19  Binomial distribution

Definition 19.1 (Binomial distribution) Suppose \(X_{1},X_{2},\dots,X_{n}\) are independent and identical \(\text{Bern}(p)\) distributions. Let \(X\) be the total number of successes of the \(n\) independent trials. That is, \(X=X_{1}+X_{2}+\cdots+X_{n}\). Then \(X\) has the Binomial distribution, \(X\sim \text{Bin}(n,p)\).

The PMF of \(X\) directly follows from the combination theory: \[P(X=k)=\binom{n}{k}p^{k}(1-p)^{n-k}.\]

This is a valid PMF because, by the Binomial theorem, we have \[\sum_{k=0}^{n}\binom{n}{k}p^{k}(1-p)^{n-k}=(p+(1-p))^{n}=1.\]

Binomial distribution and Binomial theorem

You may have noticed the connection between Binomial distribution and Binomial theorem. Consider using the polynomial \(px+q\) to represent the outcome of a single Bernoulli trial, where \(x\) is the indicator for a success. Then \((px+q)^n\) is the outcome for \(n\) independent trials. The coefficient of \(x^k\) gives the probability of there being exactly \(k\) successes.
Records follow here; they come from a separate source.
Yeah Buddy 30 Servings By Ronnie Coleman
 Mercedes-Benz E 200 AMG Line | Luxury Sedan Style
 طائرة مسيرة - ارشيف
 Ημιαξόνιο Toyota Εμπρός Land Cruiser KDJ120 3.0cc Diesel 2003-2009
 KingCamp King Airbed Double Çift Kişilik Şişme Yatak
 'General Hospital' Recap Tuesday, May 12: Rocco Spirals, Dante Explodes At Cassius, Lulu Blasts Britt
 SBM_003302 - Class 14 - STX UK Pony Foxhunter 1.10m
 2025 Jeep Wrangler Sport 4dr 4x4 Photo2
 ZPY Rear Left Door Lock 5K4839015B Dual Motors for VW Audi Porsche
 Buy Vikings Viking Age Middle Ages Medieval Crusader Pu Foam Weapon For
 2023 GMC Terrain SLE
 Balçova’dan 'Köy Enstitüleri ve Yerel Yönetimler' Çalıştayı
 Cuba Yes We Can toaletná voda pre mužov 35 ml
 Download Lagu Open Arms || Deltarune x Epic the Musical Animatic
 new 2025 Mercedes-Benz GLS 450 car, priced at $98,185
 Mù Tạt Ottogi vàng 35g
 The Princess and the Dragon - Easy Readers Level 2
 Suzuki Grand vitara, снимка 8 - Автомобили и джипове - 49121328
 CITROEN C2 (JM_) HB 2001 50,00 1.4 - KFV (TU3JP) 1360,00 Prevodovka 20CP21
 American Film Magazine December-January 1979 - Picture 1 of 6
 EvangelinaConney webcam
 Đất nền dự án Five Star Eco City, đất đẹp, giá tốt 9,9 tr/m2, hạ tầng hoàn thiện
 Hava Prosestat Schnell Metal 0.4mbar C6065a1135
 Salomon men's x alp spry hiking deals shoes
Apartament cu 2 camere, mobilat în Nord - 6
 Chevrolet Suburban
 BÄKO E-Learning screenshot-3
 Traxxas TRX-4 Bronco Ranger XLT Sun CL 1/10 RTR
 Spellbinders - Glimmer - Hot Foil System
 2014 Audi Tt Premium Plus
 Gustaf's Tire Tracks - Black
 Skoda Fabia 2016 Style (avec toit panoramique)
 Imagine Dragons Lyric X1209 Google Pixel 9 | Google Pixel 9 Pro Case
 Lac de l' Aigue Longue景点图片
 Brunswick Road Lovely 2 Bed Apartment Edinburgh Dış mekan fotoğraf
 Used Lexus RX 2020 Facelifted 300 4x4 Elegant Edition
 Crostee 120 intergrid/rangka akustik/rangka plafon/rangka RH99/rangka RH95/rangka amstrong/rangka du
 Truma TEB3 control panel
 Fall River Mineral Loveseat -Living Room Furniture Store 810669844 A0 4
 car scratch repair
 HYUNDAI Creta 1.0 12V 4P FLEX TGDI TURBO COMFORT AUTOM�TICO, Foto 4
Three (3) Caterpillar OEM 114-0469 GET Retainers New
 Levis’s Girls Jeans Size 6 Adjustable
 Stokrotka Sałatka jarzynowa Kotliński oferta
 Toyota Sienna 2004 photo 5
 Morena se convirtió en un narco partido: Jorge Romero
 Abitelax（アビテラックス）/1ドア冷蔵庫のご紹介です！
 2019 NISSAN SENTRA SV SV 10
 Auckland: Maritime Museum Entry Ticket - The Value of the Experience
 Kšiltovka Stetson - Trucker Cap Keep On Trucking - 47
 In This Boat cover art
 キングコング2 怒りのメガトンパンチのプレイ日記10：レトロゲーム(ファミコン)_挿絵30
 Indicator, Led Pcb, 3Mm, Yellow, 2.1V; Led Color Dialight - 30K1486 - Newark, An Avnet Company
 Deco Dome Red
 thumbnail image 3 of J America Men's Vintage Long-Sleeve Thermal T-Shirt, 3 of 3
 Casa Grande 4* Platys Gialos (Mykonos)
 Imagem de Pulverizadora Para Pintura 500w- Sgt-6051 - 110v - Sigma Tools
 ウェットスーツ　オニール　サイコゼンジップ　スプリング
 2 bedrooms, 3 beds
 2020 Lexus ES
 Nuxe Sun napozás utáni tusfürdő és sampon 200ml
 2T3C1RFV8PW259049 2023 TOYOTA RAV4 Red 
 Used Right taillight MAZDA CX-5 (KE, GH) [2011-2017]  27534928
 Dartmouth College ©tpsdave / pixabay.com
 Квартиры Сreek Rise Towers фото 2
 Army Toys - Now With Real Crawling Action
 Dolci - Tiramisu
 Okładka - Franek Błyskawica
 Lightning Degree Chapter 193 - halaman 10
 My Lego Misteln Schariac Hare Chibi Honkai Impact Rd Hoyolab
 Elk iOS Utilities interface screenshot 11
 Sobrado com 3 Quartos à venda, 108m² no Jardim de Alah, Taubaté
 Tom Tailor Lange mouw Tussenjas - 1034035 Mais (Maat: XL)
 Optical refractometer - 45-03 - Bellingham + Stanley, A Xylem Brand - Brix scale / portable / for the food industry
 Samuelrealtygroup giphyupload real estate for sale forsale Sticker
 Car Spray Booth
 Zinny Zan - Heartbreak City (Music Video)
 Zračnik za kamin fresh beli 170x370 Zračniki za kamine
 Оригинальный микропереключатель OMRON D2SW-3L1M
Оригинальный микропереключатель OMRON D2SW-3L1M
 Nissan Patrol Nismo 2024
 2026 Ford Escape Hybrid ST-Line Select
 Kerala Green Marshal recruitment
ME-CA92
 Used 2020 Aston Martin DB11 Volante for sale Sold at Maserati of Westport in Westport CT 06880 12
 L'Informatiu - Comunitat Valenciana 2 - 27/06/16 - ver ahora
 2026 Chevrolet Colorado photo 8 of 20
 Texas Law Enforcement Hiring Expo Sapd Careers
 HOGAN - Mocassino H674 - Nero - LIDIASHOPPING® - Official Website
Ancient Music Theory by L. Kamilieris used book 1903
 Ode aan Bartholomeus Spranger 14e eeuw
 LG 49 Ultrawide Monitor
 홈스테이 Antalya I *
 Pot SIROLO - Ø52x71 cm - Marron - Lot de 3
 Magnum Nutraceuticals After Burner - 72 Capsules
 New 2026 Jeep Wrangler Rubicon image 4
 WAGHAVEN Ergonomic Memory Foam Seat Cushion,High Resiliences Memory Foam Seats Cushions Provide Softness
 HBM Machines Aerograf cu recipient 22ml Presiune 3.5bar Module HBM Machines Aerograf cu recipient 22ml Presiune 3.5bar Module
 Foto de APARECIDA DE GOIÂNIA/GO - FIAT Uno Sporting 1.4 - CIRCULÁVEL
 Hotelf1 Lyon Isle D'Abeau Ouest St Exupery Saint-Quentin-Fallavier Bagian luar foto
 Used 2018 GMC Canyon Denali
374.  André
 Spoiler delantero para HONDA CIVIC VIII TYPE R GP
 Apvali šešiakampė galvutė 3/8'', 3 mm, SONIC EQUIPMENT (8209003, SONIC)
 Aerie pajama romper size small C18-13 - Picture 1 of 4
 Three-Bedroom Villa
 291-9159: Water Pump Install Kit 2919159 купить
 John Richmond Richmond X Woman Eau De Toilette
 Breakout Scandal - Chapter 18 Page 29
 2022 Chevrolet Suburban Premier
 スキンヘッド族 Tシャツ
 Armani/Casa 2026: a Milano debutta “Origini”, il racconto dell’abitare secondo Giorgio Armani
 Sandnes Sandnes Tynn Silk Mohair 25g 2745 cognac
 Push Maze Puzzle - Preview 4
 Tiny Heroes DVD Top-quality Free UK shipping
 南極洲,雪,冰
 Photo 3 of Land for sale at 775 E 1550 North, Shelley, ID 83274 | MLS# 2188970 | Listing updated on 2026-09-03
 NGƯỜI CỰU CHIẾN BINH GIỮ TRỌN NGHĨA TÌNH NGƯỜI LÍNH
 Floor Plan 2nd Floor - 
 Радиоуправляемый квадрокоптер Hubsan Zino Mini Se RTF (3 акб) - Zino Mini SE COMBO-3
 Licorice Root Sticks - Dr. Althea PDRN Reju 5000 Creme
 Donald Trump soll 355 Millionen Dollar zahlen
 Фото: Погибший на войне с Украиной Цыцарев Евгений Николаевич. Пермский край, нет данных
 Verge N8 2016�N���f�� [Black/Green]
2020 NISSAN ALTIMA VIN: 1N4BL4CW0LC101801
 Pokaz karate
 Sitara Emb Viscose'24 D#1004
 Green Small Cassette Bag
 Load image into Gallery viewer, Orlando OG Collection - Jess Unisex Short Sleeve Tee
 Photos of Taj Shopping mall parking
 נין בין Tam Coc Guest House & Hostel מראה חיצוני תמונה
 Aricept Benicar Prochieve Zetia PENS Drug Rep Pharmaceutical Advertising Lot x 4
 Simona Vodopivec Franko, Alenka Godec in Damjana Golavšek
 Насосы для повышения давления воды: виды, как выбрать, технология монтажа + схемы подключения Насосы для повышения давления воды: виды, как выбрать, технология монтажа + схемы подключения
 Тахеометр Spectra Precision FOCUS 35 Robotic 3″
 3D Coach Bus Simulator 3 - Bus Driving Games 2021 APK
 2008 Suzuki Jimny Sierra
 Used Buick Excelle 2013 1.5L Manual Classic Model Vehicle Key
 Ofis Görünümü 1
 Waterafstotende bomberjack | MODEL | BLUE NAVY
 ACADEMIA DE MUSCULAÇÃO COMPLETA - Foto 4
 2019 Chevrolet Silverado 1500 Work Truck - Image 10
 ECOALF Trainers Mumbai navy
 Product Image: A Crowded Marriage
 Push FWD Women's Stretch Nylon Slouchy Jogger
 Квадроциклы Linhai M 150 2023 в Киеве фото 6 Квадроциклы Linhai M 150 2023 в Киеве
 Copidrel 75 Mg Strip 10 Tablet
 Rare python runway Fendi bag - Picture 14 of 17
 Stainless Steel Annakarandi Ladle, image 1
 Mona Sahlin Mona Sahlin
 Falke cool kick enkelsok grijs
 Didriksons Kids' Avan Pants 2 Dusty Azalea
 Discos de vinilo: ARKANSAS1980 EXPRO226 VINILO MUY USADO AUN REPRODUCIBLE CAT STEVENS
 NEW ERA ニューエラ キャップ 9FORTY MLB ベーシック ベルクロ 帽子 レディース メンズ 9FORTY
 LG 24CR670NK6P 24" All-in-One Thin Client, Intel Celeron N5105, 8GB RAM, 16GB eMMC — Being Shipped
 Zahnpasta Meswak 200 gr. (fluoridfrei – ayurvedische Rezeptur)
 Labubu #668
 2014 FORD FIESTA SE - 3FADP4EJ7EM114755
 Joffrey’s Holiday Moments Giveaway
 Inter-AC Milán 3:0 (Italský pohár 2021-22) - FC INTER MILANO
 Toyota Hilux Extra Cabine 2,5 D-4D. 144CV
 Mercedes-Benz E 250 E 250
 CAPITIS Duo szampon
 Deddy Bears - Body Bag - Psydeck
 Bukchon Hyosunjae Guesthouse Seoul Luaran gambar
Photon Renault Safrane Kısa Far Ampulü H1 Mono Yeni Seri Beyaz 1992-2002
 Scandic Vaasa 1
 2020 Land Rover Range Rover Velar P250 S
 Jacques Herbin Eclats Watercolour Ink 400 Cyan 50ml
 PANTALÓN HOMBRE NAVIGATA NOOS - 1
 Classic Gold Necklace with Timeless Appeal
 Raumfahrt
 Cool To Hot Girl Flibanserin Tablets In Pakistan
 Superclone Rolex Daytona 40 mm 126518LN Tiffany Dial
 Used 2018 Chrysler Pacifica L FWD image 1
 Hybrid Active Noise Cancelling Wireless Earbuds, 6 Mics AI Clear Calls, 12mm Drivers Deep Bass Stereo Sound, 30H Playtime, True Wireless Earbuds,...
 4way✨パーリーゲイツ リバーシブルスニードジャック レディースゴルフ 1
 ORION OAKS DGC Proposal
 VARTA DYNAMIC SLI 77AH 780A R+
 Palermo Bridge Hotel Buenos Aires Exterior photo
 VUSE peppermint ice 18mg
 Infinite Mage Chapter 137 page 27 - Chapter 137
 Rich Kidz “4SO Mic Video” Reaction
Theorem 19.1 Let \(X\sim \text{Bin}(n,p)\) and \(Y\sim \text{Bin}(m,p)\) be two independent Binomial random variables. Then \(X+Y\sim \text{Bin}(n+m,p)\).

Proof. By the definition of the Binomial distribution, \(X=\sum_{i=1}^{n}X_{i}\) where \(X_{i}\sim \text{Bern}(p)\); \(Y=\sum_{j=1}^{m}Y_{j}\) where \(Y_{j}\sim \text{Bern}(p)\). Therefore, \[X+Y=\sum_{i=1}^{n}X_{i}+\sum_{j=1}^{m}Y_{j}=\sum_{k=1}^{n+m}Z_{k}\] where \(Z_{k}\sim \text{Bern}(p)\). Since \(X_{i}\) and \(Y_{j}\) are identical Bernoulli random variables, \[Z_k = \begin{cases}X_k,&\text{ for }k=1,\dots,n\\ Y_{k-n}, &\text{ for }k=n+1,\dots,n+m \end{cases}\] By definition, \(X+Y=\sum_{k=1}^{n+m}Z_{k}\sim \text{Bin}(n+m,p)\).

Coin tossing problem

Example 19.1 In the previous example of tossing two coins, we compute the distribution of \(X\) by counting the equally likely outcomes in an event. We can get the same result by realizing it is a Binomial distribution. \(X\sim\textrm{Bin}(2,1/2)\). Since each coin tossing is an independent Bernoulli trial. The probabilities come directly from the PMF. \[\begin{aligned} P(X=0) & =\binom{2}{0}\left(\frac{1}{2}\right)^{0}\left(\frac{1}{2}\right)^{2}=\frac{1}{4};\\ P(X=1) & =\binom{2}{1}\left(\frac{1}{2}\right)^{1}\left(\frac{1}{2}\right)^{1}=\frac{1}{2};\\ P(X=2) & =\binom{2}{2}\left(\frac{1}{2}\right)^{2}\left(\frac{1}{2}\right)^{0}=\frac{1}{4}.\end{aligned}\]

Utilizing the Binomial distribution also allows us to generalize the problem. Suppose we are tossing \(n\) coins, we want to find the probability of getting \(k\) heads. It is almost impossible to count all the possible outcomes, but the answer immediately follows from the Binomial PMF.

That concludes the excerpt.